Halfway into the tunnel, a narrow passageway of stairs goes down into what the guide says is the entrance to Hades.  The staircase ends at a pool of water, presumably the swamp of Styx where Aeneas and the Sibyl passed.  The darkness, the candles, and the musty smell give me the sense that Hades himself lingers close by.

From Lake Averno a narrow road turns toward Lake Lucrino where the ancients farmed fish and mussels.  Driving around its rim, the road winds up a steep cliff and then down into the little port of Baia.  This city was once a sprawling spa-town which Horace, the poet and friend of Virgil, said was the most beautiful place in the world.  A stone’s throw from the water, a Temple of Diana peeks its dome out from the dirt.  On the other end of the port and across the street, an enormous shell that looks more like the remains of an open theater is named the Temple of Venus.

From these temples, whose tips probably once towered three stories high, I drive up another hill until I find the gate to the Archeological Park of Baia.  A vast complex of three terraces, this park has a labyrinth of stairs, open space forums, detailed floor mosaics, dilapidated frescoes and arched walkways.  Archeologists guess that this could have been baths or villas replete with theaters, stadiums, saunas, and more.  At the bottom terrace, a dome hulks out from the dirt.  Travelers in the eighteenth century called this the ‘Temple of Mercury’ or ‘Temple of Echoes’.  I make my way inside the dome, crossing a plank over green-algae water and once inside, I yell high-pitched, my voice bouncing off the smoothed stone in rumbling god-like acoustics.

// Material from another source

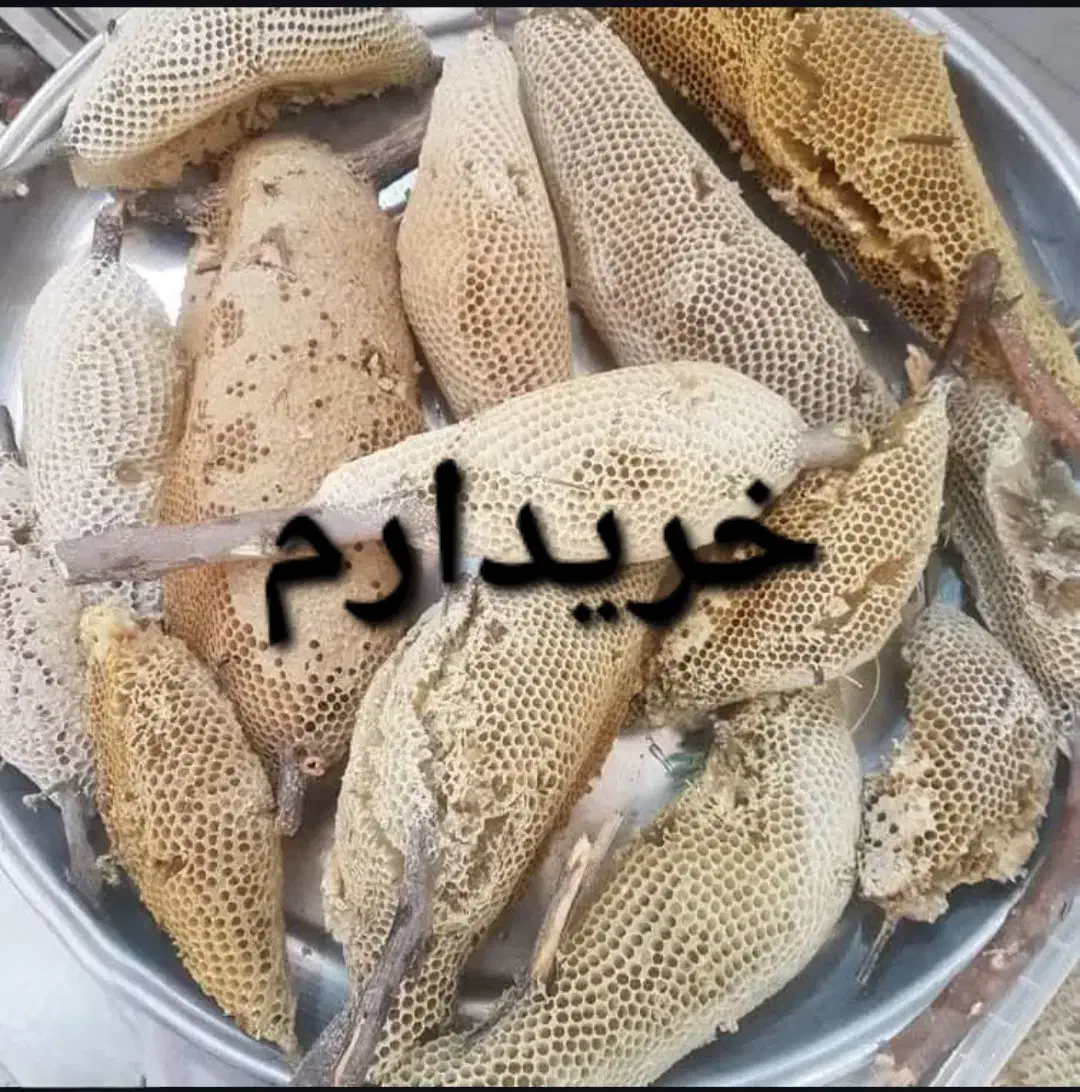عسل میناب تک و عمده|خوردنی و آشامیدنی|میناب, |دیوار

After roaming the park, I take a short drive to the Baia Castle towering over a cliff.  Although occupied throughout the centuries by many different owners, it is believed to have once been the summer residence of Julius Caesar.  The sheer views down to the sea remind me that pirates during Virgil’s time might have tried to scale these walls in hopes of finding loot.  Inside the castle, staircases lead up to an opulent dining hall with a blue tinted floor, Greek marble statues in alcoves, and a scene of Ulysses giving black wine to a Cyclops, the heads of the statues now gone.

The Aenied is said to be both an imitation of Homer and a political tract lauding Emperor Augustus, the adopted son of Julius Caesar.  According to the epic poem, when Aeneas traveled to the underworld, he reached the land of joy.  Here he found his father, Anchises, who prophesized:  Under his auspices will be founded Rome in all her glory, whose empire shall cover the earth and whose spirit shall rise to the heights of Olympus….  Here is Caesar, and all the sons of Iulus… here he is, Augustus Caesar, son of a god, the man who will bring back the golden years to the fields of Latium…”  (Book Six, lines 781-792)  From this castle, I admire the majestic view of the Archeological Park as well as the Baia port and I am convinced that Virgil believed the Italian Olympus had been constructed right here in these Phlegraean Fields.

After a decade of writing The Aeneid, Virgil traveled to Greece with Augustus.  During the trip, he caught a fever and died in Brundisium.  He left The Aeneid unfinished, but Augustus charged two of Virgil’s friends to edit the work.  Once published, the epic poem became an instant success.  Virgil’s ashes were sent back to the city of Naples and a park exists between the districts of Mergellina and Fuorigrotta, where presumably his remains still lie at rest.

Square placards dot the grassy areas and give explanations of the plants – strawberries and myrtle, among others – that have been specifically selected from vegetation mentioned in Virgil’s works.  Cut into the tuff-stone, at the top of the park I come to the Crypta Neapolitana, also called the Grotto Vecchia.  A locked fence bars visitors from entering this 700-meter long tunnel dug in the first century B.C, but its grandiose height and triangular shape already leaves the visitor breathless.  To the right of this crypt, steps take me up and across the grotto to a shrine.  Inside, a tripod burner originally dedicated to Apollo sits in a hollow space.  This may have been where pilgrims came to venerate Virgil’s ashes.  Today his remains, however, are lost to time.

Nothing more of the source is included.